Sikh transit gloria mundi
La Cassazione ha sentenziato che un Sikh non può girare per le strade di Goito con un pugnale ricurvo nei pantaloni. Per la sua religione si tratta di un simbolo di pace, ma uno straniero «ha l’obbligo di conformarsi ai valori del Paese che lo accoglie, anche se sono difformi da quelli del Paese da cui proviene». Così si è espressa la Suprema Corte. Io invece mi ostino a pensare che l’ospite di una democrazia non abbia l’obbligo di conformarsi ai suoi valori, ma di rispettarne le leggi. Se indossando il pugnale d’ordinanza quel Sikh ha violato la legge italiana, è giusto che venga punito. Così come andrebbero puniti, e con ben maggiore ostinazione, quei disgraziati che mandano i bambini a chiedere l’elemosina o che segregano le donne in casa pur di non esporle alla contaminazione oftalmica degli infedeli. Ma non per una questione di «valori», concetto tanto impegnativo quanto indefinito, ma perché nel nostro ordinamento quei comportamenti configurano dei reati: sfruttamento di minore e sequestro di persona.

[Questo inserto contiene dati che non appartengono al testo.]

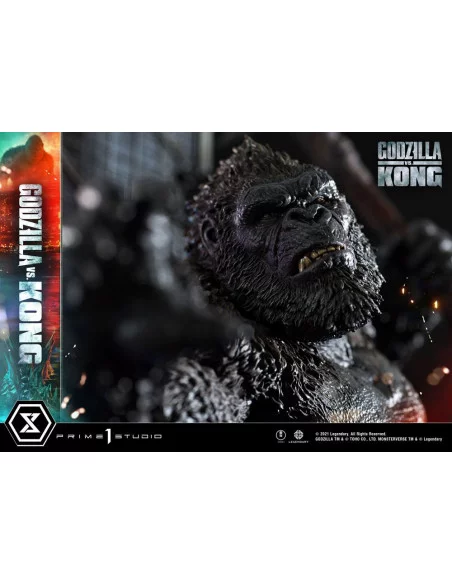 Godzilla vs. Kong Diorama Godzilla vs. Kong Final Battle 80 cm Godzilla vs. Kong Diorama Godzilla vs. Kong Final Battle 80 cm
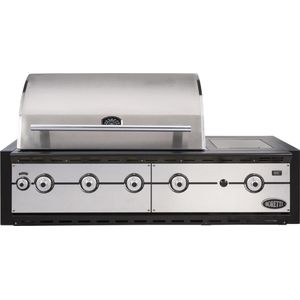 Boretti - Ligorio Top Inbouwbarbecue - Gas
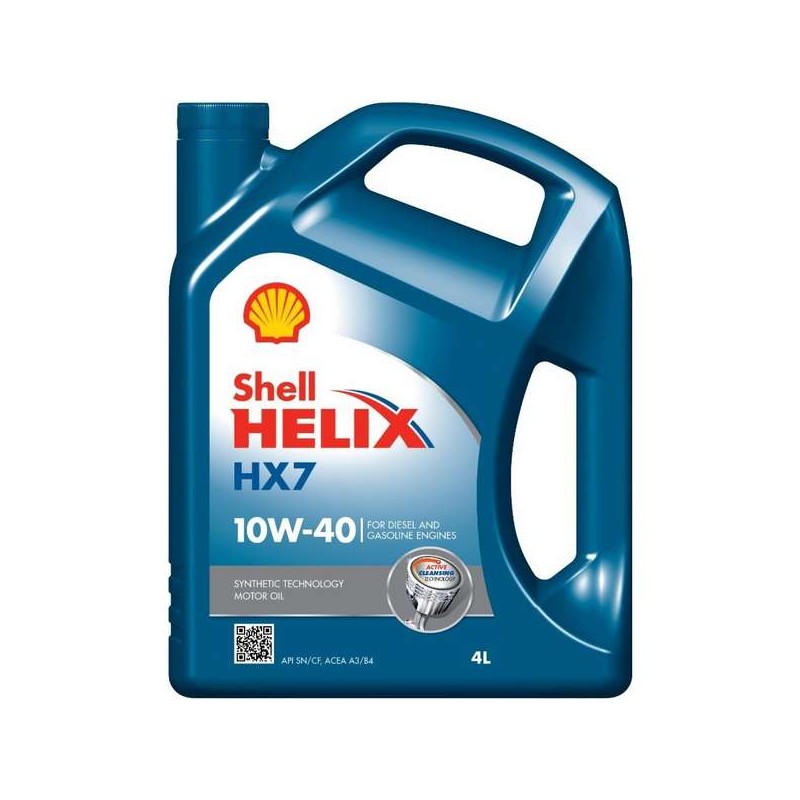 Shell Helix HX7 10W-40 4l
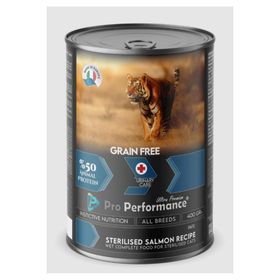 Pro Performence Somonlu 400 gr Kısırlaştırılmış Kedi Konserve Maması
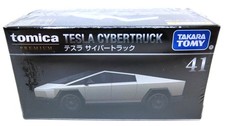 Takara Tomy Tomica Premium 41 TESLA CYBERTRUCK Die-Cast Car Direct From Japan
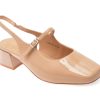 Pantofi EPICA nude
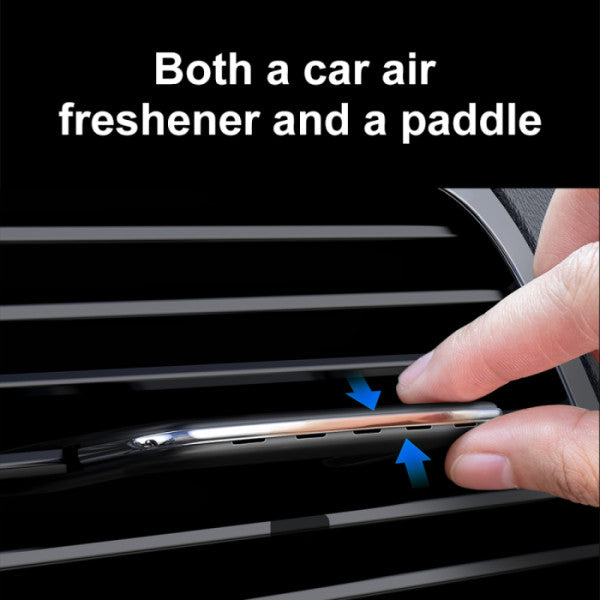 Baseus Désodorisant de Voiture Paddle 🚗 (6 pc of Fragrances Included in Box) - SUXUN-BP01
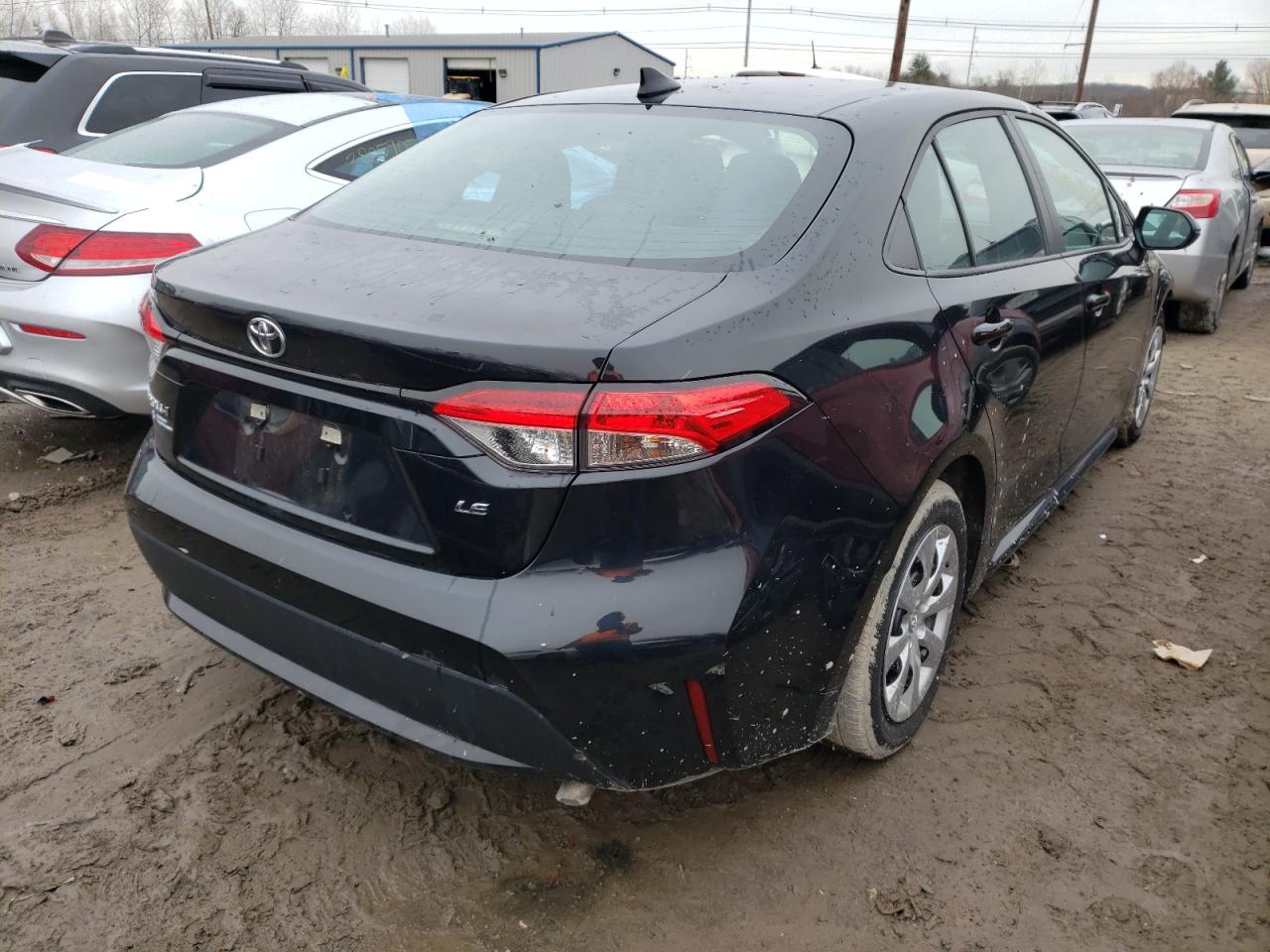 Photo 4 from auction – 2020 TOYOTA COROLLA LE with VIN 5YFEPRAE2LP025945
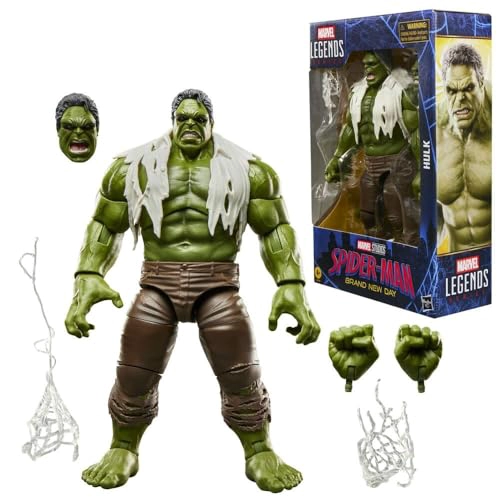 MARVEL LEGENDS SERIES HULK SPIDERMAN BRAND NEW DAY JUEGO DE FIGURAS DE ACCION COLECCIONABLES DE 6 - 3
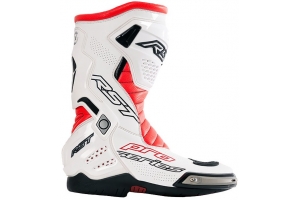 RST topánky PRO SERIES RACE 1503 white / fluo red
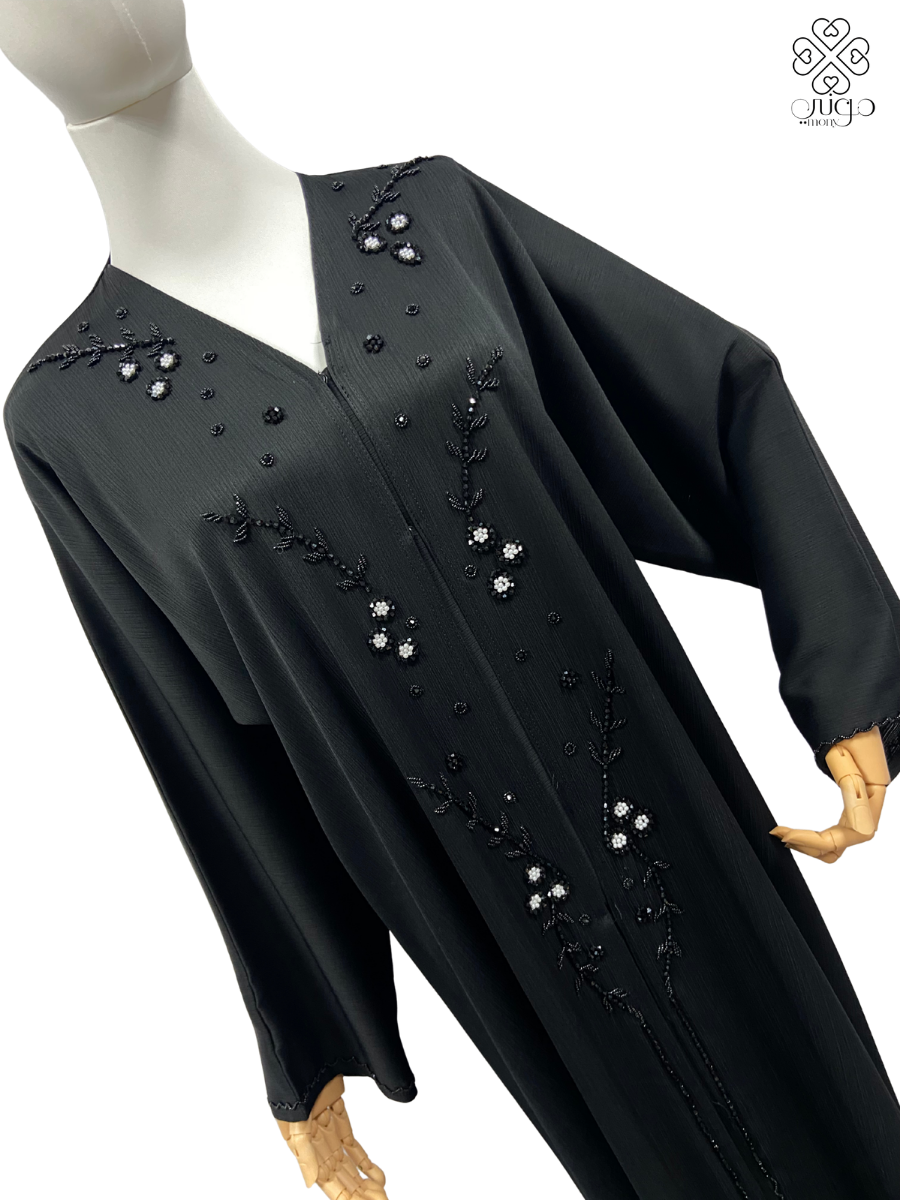 🌟 Premium Zoom Fabric Abaya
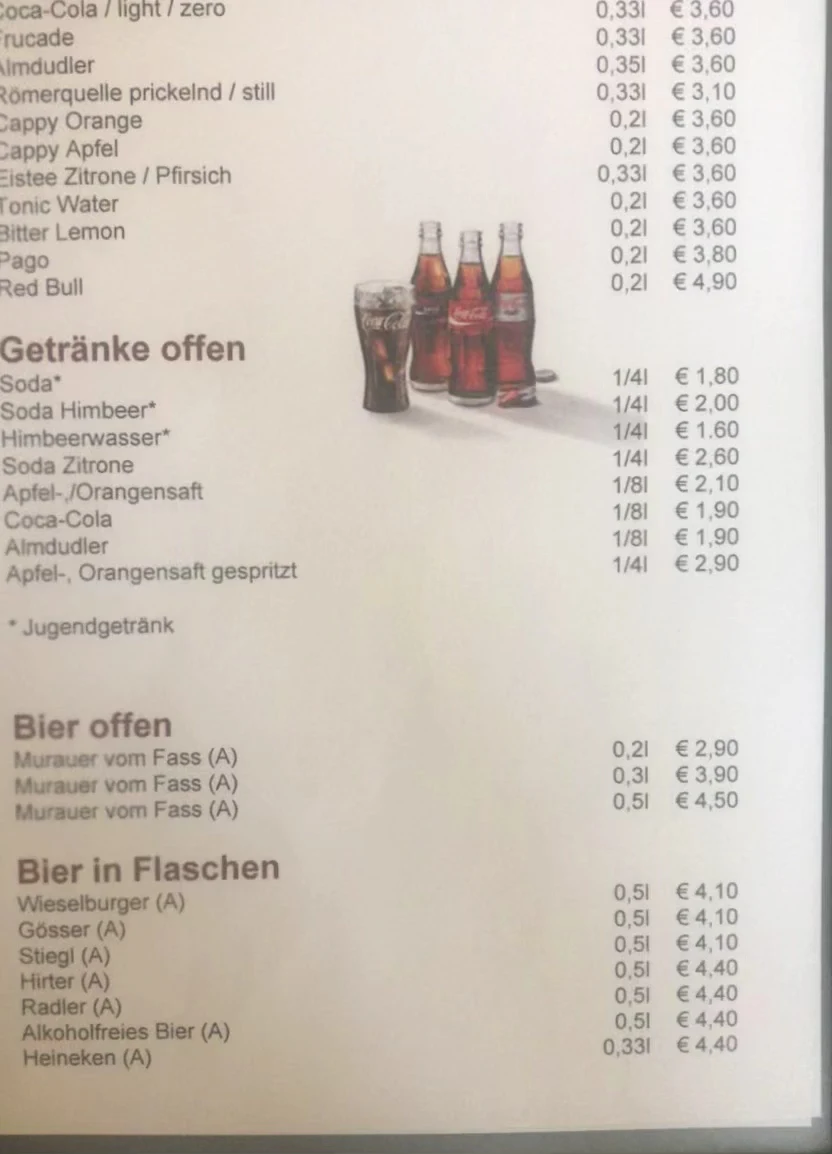 Speisekarte photo 7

I valori e le leggi non sono la stessa cosa. Le seconde si ispirano ai primi, ma in una democrazia non vi si sovrappongono completamente. Esiste uno spazio in cui usi e costumi debbono potersi esprimere in libertà, a condizione che non interferiscano con quella degli altri. Ciò che trasforma l’accoglienza in resa incondizionata non è la mancata osservazione dei nostri costumi, ma il mancato rispetto delle nostre leggi. Un «valore», l’impunità, che spesso accomuna stranieri e italiani.